La insistencia en la retórica sobre la supuesta crisis moral llega a los extremos de que hace uno o dos años los marbetes que llevaban nuestros automóviles indicaban que “tus valores cuentan”. Era parte de una estrategia gubernamental dirigida principalmente a los estudiantes de escuelas públicas que también se desarrolló en los medios de comunicación insulares para devolverle a Puerto Rico algo que, supuestamente, habíamos tenido alguna vez. Convencido de que apenas escuchamos ni vemos lo que los medios transmiten, no creo que muchas personas hayan reparado en lo que decían aquellos marbetes, aun en el momento en que los instalaban. Igualmente, nadie realmente es impactado cuando en actividades del tipo que sea se vuelve al lugar común de que los valores que nos hacían un gran pueblo se han ido perdiendo.
Cuando conversamos o, más bien, sermoneamos sobre valores, no debería perderse de vista que todo aquello con lo que los seres humanos nos relacionamos está repleto de valores. Las cosas o actividades que rodean nuestras existencias tendrán menos valor, quizás muy poco valor, pero en la medida en que son objetos de nuestras conciencias o querencias constituyen valores. Se querrán mucho o se despreciarán; sea como sea, valen, tienen precio. Los seres humanos habitamos un mundo de valores; probablemente otros animales también. Si no valoráramos permaneceríamos inactivos, indiferentes a todo; probablemente moriríamos. Cambiaremos de valores, pero nunca dejamos de valorar.

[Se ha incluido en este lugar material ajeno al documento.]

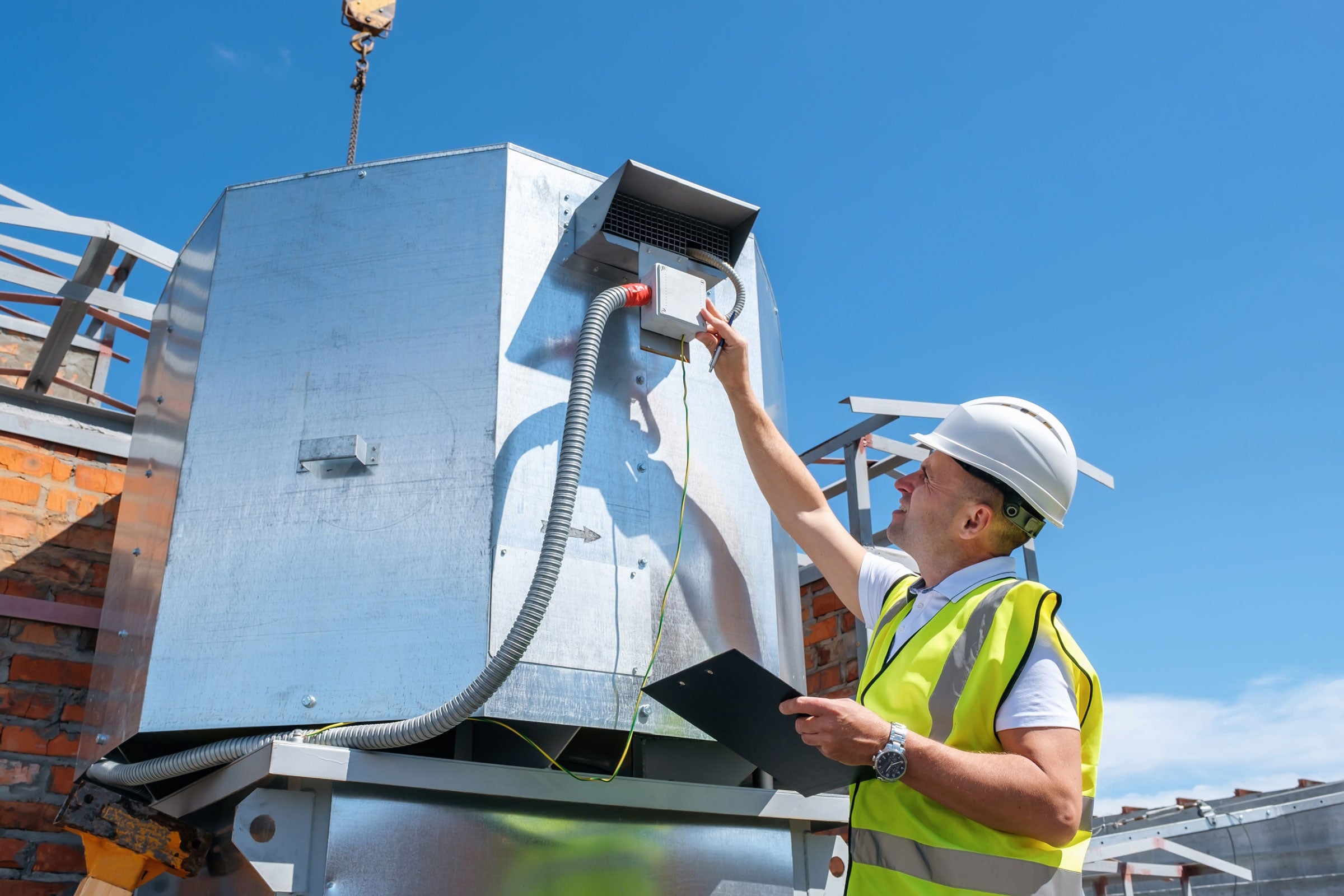 Engineer with clipboard checking the installation of the ventilation system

Es imprescindible cuestionarnos por qué es que sentimos tanta nostalgia por los valores morales. ¿Por qué no echamos de menos los valores relacionados a la verdad y al estudio de esta? ¿O por qué no le prestamos más atención a los valores estéticos? Igualmente importante es preguntarnos sobre cuáles son los valores que en realidad se han perdido. Y si estamos tan interesados en conversar sobre los valores que hemos perdido, ¿por qué no nos preocupan los valores relacionados a la justicia? ¿O será que, pensándolo bien, no se han perdido ningunos valores?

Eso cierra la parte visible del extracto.